BEGIN

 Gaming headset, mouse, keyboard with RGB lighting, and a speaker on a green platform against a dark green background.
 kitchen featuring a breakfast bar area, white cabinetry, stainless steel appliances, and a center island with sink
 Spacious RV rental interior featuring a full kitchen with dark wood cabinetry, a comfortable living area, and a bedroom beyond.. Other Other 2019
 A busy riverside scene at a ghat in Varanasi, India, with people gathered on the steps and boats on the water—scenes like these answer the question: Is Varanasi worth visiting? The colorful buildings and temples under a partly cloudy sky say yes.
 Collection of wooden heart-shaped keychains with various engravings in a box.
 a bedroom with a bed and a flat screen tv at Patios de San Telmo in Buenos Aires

END
BEGIN

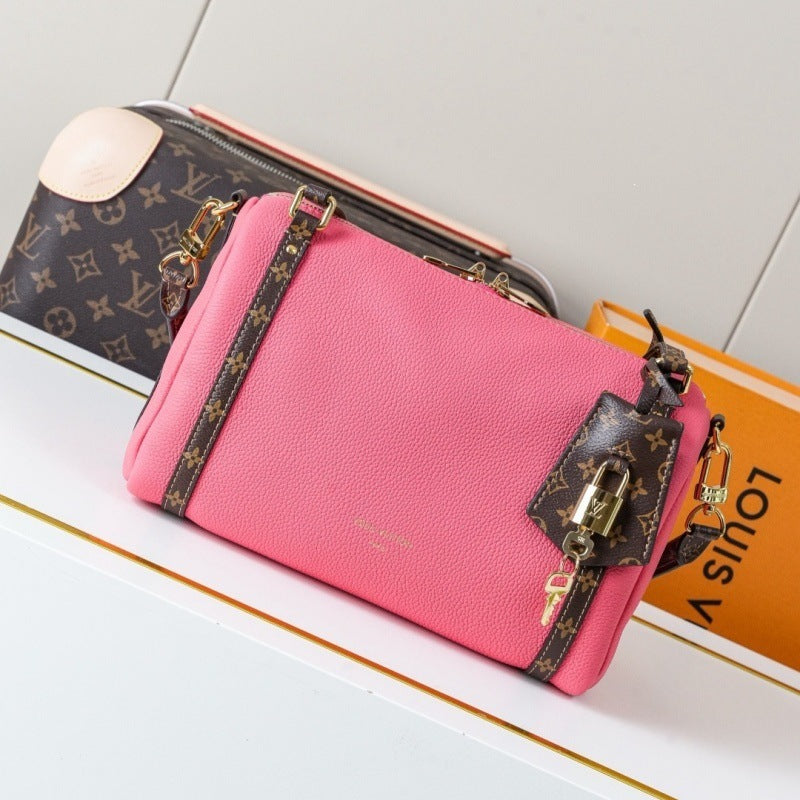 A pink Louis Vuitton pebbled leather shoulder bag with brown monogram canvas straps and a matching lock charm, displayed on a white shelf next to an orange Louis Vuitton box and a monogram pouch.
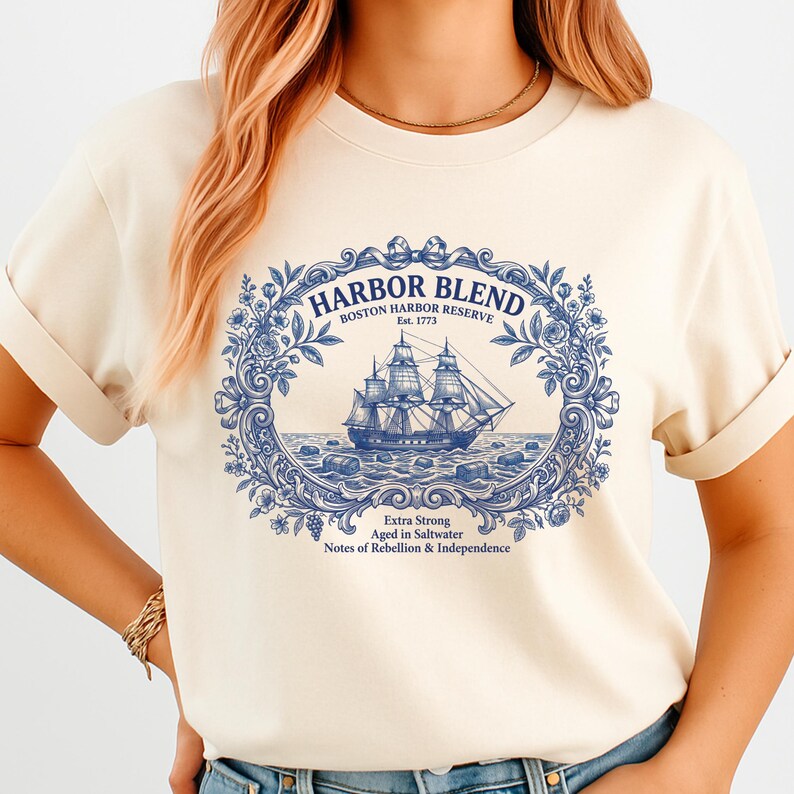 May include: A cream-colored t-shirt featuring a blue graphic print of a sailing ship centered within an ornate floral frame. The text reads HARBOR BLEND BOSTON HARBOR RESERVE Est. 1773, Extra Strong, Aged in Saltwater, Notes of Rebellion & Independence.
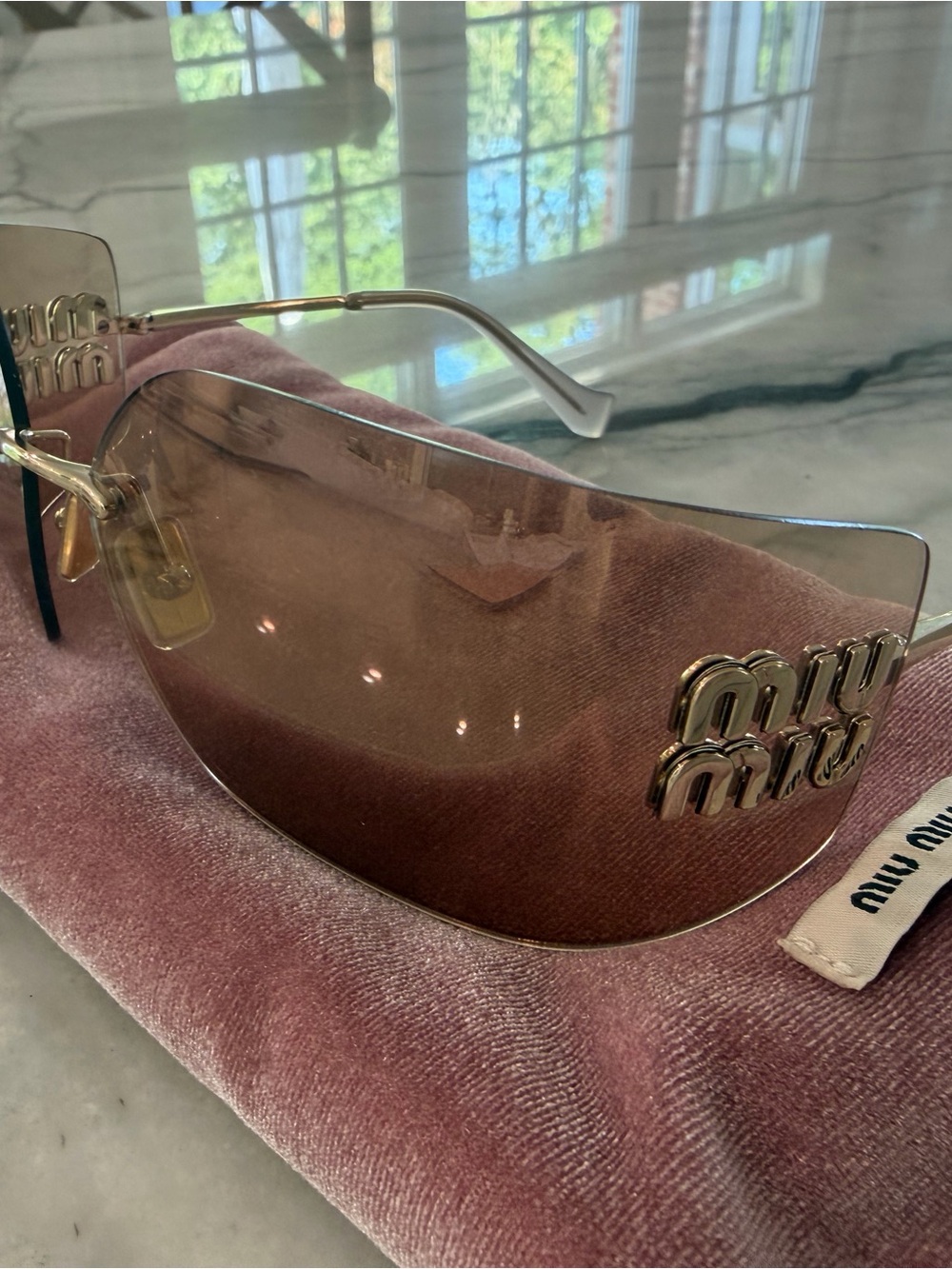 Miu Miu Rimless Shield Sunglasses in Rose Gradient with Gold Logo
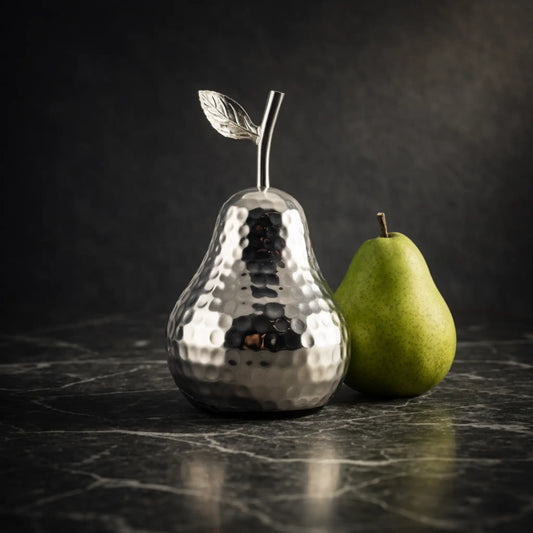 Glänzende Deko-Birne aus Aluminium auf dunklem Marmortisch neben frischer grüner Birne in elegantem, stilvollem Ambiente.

END

**PROBLEM REQUIREMENTS**. The expected answer is an exact copy of the lines above, beginning at the line with "Spacious RV rental" and ending at the line with "Collection of wooden", with both ends in.

**RESPONSE BOX**.
 Spacious RV rental interior featuring a full kitchen with dark wood cabinetry, a comfortable living area, and a bedroom beyond.. Other Other 2019
 A busy riverside scene at a ghat in Varanasi, India, with people gathered on the steps and boats on the water—scenes like these answer the question: Is Varanasi worth visiting? The colorful buildings and temples under a partly cloudy sky say yes.
 Collection of wooden heart-shaped keychains with various engravings in a box.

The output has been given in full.